What I see burn so bright in youth is lost in adults. I wonder where this spark goes. The ability to dream either forgotten, suppressed or not daring. No one here has big dreams unless it’s of leaving. Why dream when you don’t have any real choice. When everyone has the same and all are equal, dreaming really has no place. They are not taught to be entrepreneurs or to create new things. In a life where so much is controlled there is so little they can change and even if they could they’ve no idea how they’d go about doing it. Dreaming leads to sadness and disappointment. A life spent on pills or staring into an empty bottle. Dreams need fuel. Stories of conquests, adventures, possibilities in the stars, to be able to build a path of your own.
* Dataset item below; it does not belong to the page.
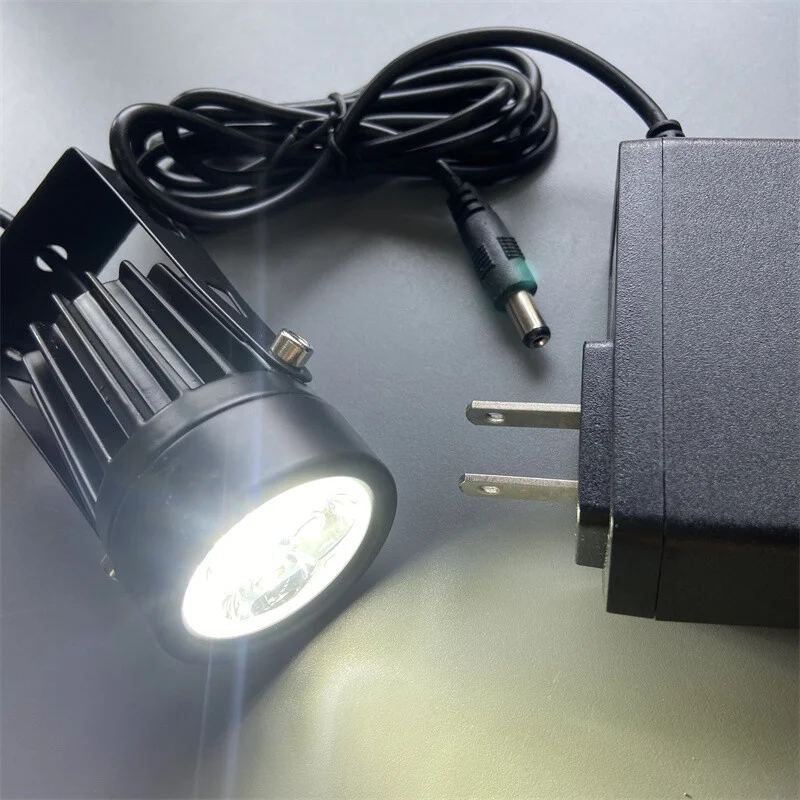 110V-220V Metal Microscope LED Light Source Oblique Light for Stereo Microscopio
An education is many things – social, academic, reason, ideas, experimenting, information. These element shape your ability to manage life, using information to make decisions, come to conclusions, move forwards. The more you know, the more you can imagine. Endless possibilities. I watch the kids running down the street cassette tape streamers held high, glimmering behind them and I see all the possibilities and dreams. I see them bursting with this richness of culture and community of youth. I am proud to be part of it. But I am a cheat for I am taking the best of both worlds. For I will not send my girls to school here. I will choose freedom and I hope one day, as adults, they will have dreams.